Would you please return every line from the listing that contains the word "Chapter"?

**EXERCISE MATERIAL**
┄┄┄┄┄┄
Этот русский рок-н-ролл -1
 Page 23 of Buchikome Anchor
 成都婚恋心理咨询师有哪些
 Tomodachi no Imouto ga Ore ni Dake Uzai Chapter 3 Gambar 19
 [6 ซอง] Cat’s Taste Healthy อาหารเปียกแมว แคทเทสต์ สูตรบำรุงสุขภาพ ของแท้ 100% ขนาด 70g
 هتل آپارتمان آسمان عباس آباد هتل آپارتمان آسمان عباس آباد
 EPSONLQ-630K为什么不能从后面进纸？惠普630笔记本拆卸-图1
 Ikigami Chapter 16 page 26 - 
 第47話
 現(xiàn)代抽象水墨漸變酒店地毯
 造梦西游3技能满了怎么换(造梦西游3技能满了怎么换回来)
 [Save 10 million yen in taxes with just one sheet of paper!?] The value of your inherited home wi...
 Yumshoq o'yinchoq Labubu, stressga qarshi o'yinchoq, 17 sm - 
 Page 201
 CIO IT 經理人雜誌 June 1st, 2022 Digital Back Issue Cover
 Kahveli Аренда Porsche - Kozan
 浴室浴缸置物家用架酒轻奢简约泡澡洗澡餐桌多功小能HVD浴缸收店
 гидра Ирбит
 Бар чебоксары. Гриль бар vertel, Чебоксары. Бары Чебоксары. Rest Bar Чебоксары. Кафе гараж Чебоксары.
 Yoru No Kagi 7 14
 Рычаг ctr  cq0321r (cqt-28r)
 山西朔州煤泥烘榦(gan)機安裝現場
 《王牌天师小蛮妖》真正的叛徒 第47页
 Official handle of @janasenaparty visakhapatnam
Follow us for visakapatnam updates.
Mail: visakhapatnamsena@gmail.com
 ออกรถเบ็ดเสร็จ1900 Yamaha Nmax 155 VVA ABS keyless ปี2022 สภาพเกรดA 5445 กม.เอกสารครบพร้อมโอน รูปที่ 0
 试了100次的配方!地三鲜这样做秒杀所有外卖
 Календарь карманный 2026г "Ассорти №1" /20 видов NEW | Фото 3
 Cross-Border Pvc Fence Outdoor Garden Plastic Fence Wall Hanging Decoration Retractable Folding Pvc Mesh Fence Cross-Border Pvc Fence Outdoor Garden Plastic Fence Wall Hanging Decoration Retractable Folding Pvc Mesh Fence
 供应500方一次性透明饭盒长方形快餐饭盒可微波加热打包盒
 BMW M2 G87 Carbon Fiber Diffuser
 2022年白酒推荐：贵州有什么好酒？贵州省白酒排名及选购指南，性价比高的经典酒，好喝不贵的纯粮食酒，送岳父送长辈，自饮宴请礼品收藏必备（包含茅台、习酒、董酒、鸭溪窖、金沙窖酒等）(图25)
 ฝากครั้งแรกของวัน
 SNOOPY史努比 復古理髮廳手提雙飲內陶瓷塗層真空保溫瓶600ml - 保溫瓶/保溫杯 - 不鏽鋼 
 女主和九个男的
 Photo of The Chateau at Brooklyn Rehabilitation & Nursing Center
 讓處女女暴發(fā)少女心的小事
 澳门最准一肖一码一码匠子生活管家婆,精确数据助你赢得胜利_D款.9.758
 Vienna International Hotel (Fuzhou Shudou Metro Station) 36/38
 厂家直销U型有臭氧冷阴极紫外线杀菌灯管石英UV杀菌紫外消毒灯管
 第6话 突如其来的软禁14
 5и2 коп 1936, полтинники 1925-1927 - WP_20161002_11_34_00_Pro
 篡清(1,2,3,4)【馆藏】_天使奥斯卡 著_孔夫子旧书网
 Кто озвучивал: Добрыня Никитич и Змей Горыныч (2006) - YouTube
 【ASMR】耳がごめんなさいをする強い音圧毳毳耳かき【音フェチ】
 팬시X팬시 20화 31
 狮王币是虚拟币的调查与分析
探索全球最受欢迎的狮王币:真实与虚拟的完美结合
┄┄┄┄┄┄
**EXERCISE OUTPUT**
 Tomodachi no Imouto ga Ore ni Dake Uzai Chapter 3 Gambar 19
 Ikigami Chapter 16 page 26 - 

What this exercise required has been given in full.